The fact that they are very easy to use compared to other technologies also makes people think they can manage them without spending much extra time or money. Here’s the thing, though: social media is a proven marketing tool. And just like other marketing tools, you need to invest time and money to see a good return on investment.

Your profile is a reflection of your business. So, to help you put your best foot forward and save time learning through trial and error, let me share some expert tips with you on how you can create and maintain a stellar social media profile.

What Makes a Good Profile?

Every platform has different features and layouts, but generally speaking, you need to fully complete your profile to engage — and hopefully convert — any traffic you land. To do that you need to:

  1. Add high-quality profile and cover pictures with descriptions. Low-resolution images do not show your business in the best light while leaving out descriptions leaves your audience without context and possible SEO opportunities.
  2. Fill out all profile sections. Only leave them empty if they really don’t make sense for your business.
  3. Add your contact data and links to other profiles, where possible. Don’t be shy or concerned about privacy. Choose what you want to share but give people the possibility to contact you directly. This is, after all, the aim of social media.
  4. Use highlights and pinned content. There’s a reason these features exist, and for businesses, they are a great section to share, in a few words, what makes the company unique.
  5. Add links in your Bio and descriptions. You want to give enough information to awaken people’s curiosity but not so much that they won’t be enticed to visit your website to learn more. One of the best ways to add that link is by using a link divider such as Zaap or LinkTree.
  6. Post regularly. Don’t let people visit an empty profile or find old content on it.

Keep it Updated

The last point above in many ways is the hardest and most important. It’s not enough to set up a good profile and just leave it. New people visiting your profile will want to see that you are active, and if they find old content it will leave them with a bad first impression. (That is, if they find it at all — the less often you post, the fewer people the algorithm will show your profile to.)

And here’s the real kicker: even if you return to your original posting schedule you may never recover your initial reach. We don’t know the exact rule for this, because platform algorithms are kept secret, but we do know that profiles that stop posting and interacting with their audiences start to disappear for their followers.

If you are going to be absent for some time, there are a few things you can do.

  1. Leave a message to let viewers know when you’ll return.
  2. Temporarily close the page. Many platforms do offer this option and it stops people from stumbling onto your profile.
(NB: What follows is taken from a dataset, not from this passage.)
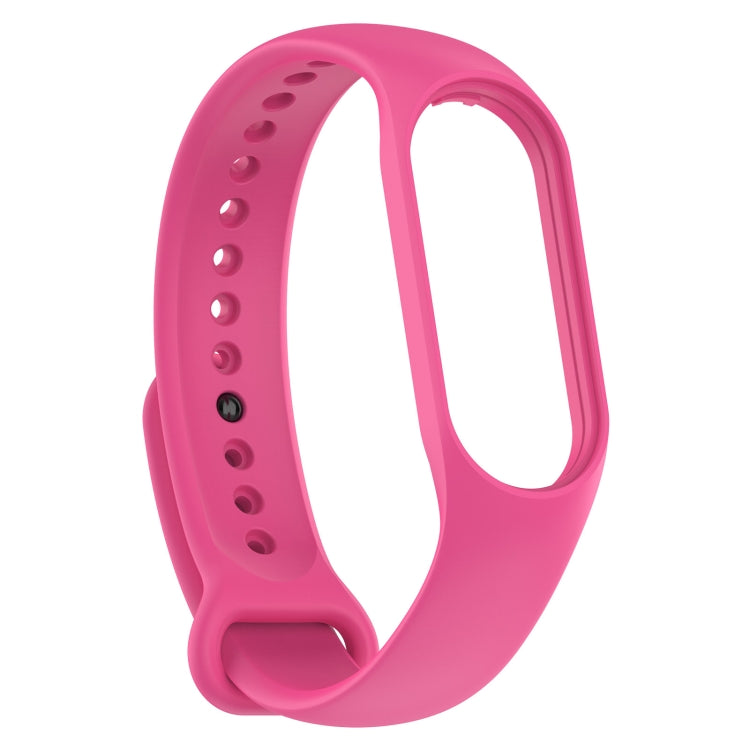 Pink silicone smartwatch band shown from the side with strap pin holes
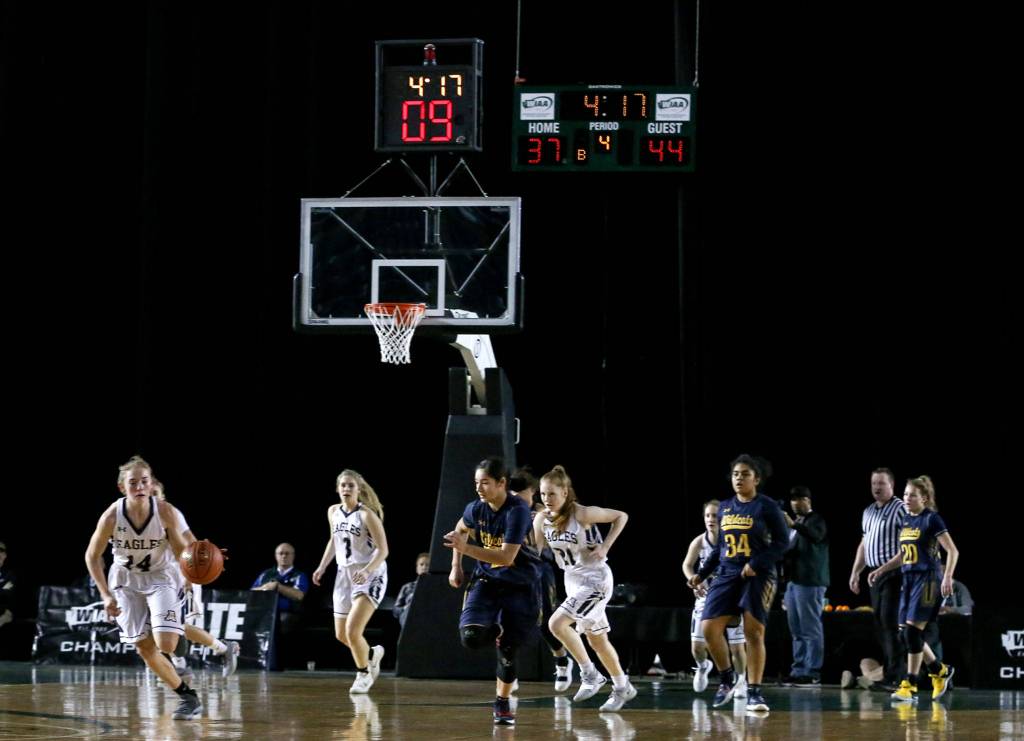 Arlingtons Keira Marsh makes a break for the open court on a fast break against West Seattle Wednesday afternoon at the Tacoma Dome on February 27, 2019. The Eagles lost 50-45. (Kevin Clark / The Herald)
It is still better to avoid this situation completely, so start by only opening as many accounts as you can manage and fit into your strategy. Each platform is different, so choose ones that align with your goals. Of course later, as your experience and capacity grow, you can always consider new platforms. And, try to get ahead of the game by creating and implementing a content calendar to keep yourself on track.

Don’t Forget to Respond

Despite being in the name, many companies forget that social media is social. Part of the experience is engaging with customers and one of the ways to do that is to respond to their comments.

This makes your profile dynamic, especially to algorithms that tend to value comments as one of the most effective interactions and as a result keep your post in the news feed longer, allowing more people to see it. But you also need to keep in mind that more and more, customers of both B2C and B2B businesses are turning to social media as a customer service channel.

Which means they complain. Both through comments and private messages.


There are so many companies with no idea of how to moderate negative comments and think that just leaving them with no reply is a solid strategy.

However, unanswered complaints in the comments can be dangerous, especially if people are supporting each other with case studies. These comments can be read by new or potential clients and cause misunderstandings.

Responding to the message, even if you ask to move the conversation to a private message, still shows that you are responsive and invested in the customer experience.

Private messages

Unanswered private messages are potentially less dangerous since they are private. However, not answering them could cause you to lose a potential client who needed more information or cause a current client to complain more publicly to just be noticed. Nowadays, quality customer care can make your business stand out and social media is a powerful tool to increase the customer experience.

Though since B2B businesses can involve many departments, it may not be the channel you wish to promote for your customer service requests. Instead, make sure it is moderated by someone who can answer important questions that come up or can easily deliver messages to the right department.

Because even if you do not promote it as your preferred channel, there will be customers who will go to social media first. Be ready and proactive with your interactions.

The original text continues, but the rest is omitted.